### INPUT DATA ###

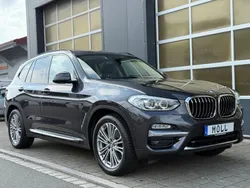 Grau Gebraucht 2019 BMW X3 Luxury Line SUV | 29.900 € (Fairer Preis)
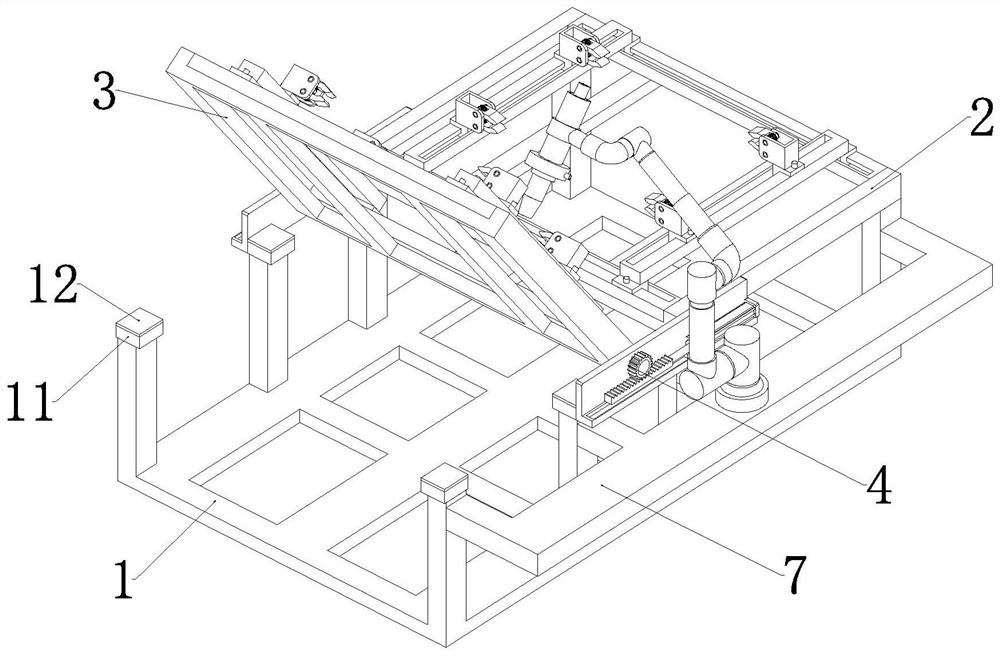 Automatic welding process for aluminum alloy sheets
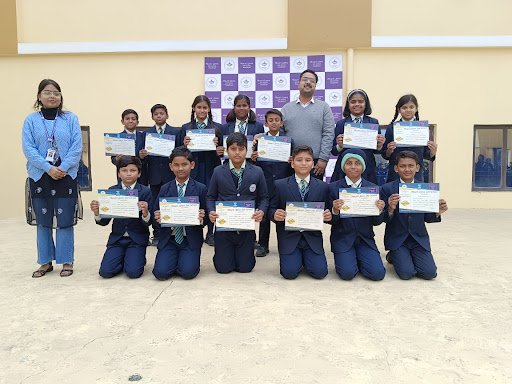 Mount Litera Zee School - Muzaffarnagar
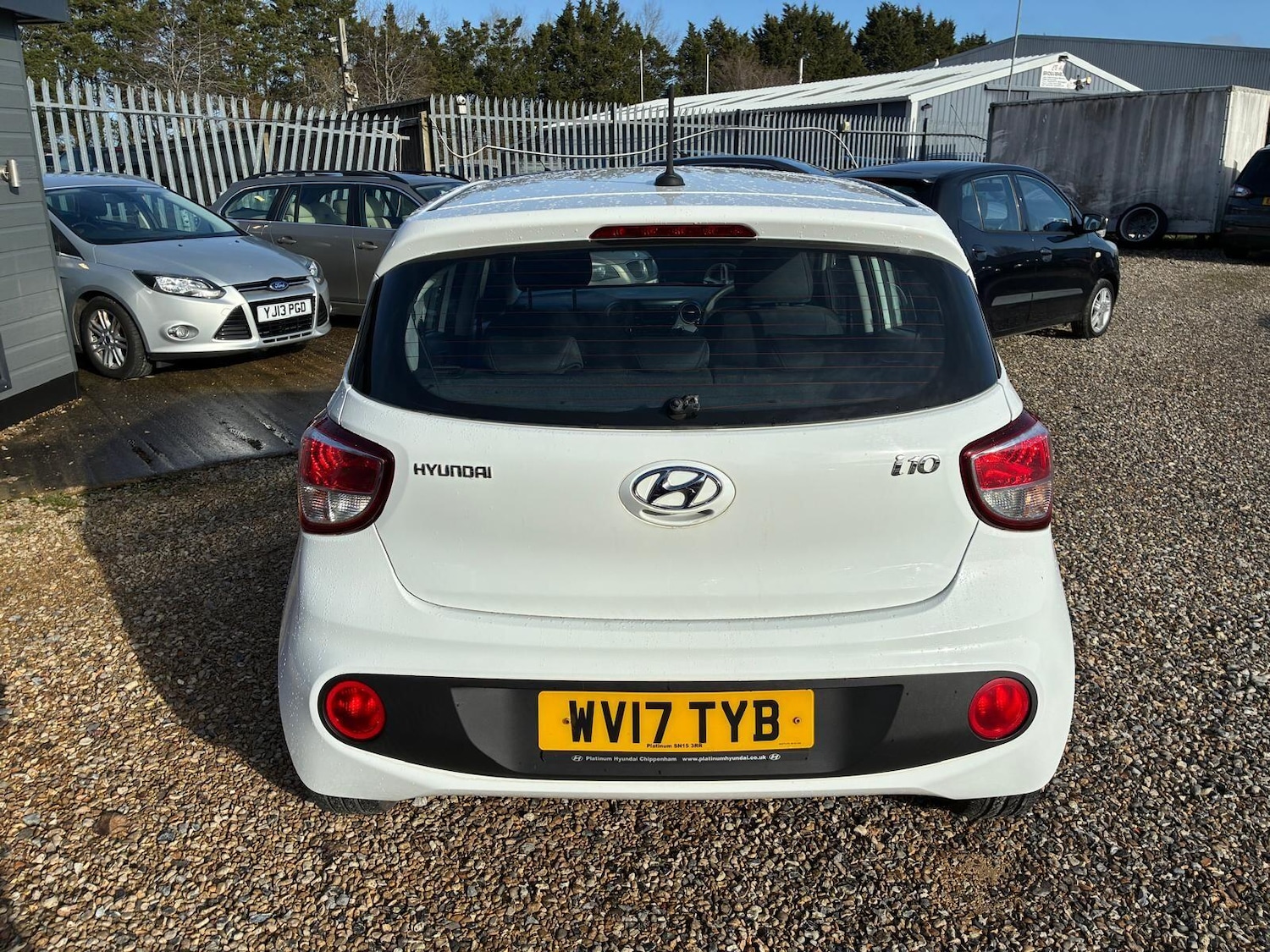 Used Hyundai i10 2017 for sale - 77314788: Photo 6
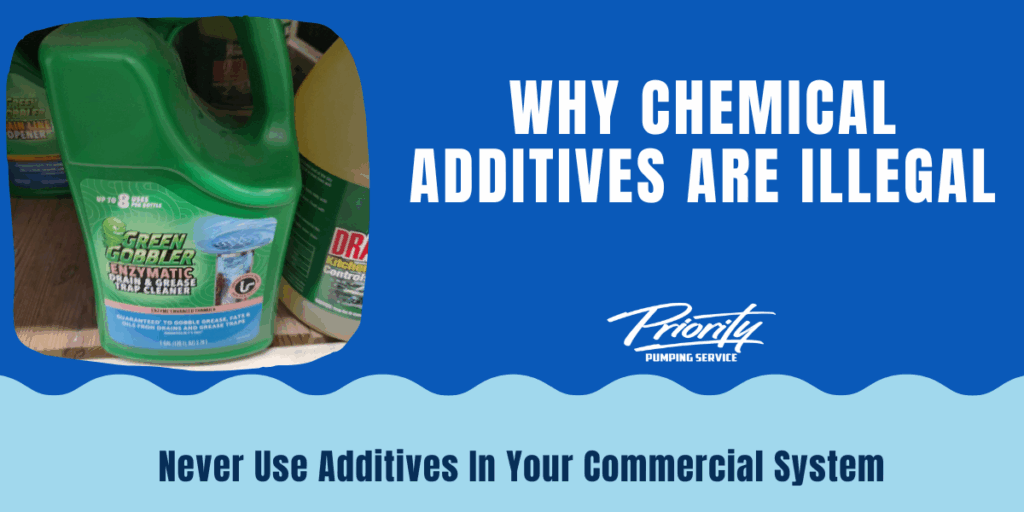 Why Chemical Additives Are Illegal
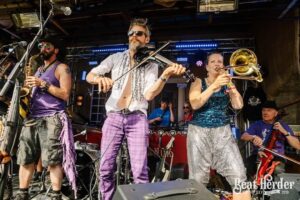 Atholl Ransome - Klonk Beatherder Festival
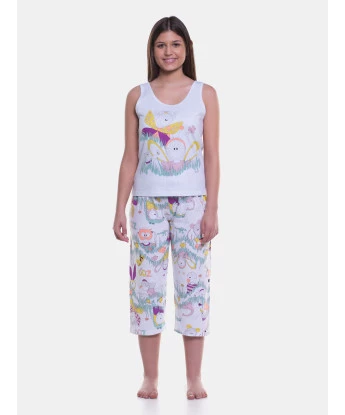 Pijama regata e corsário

###

## PROBLEM DETAILS:
Exactly those lines that run from the line holding "Mount Litera Zee School - Muzaffarnagar" to the end of the listing above, both included, are to be reproduced, with pictures left out.

## RESULT OF THE TASK:
 Mount Litera Zee School - Muzaffarnagar
 Used Hyundai i10 2017 for sale - 77314788: Photo 6
 Why Chemical Additives Are Illegal
 Atholl Ransome - Klonk Beatherder Festival
 Pijama regata e corsário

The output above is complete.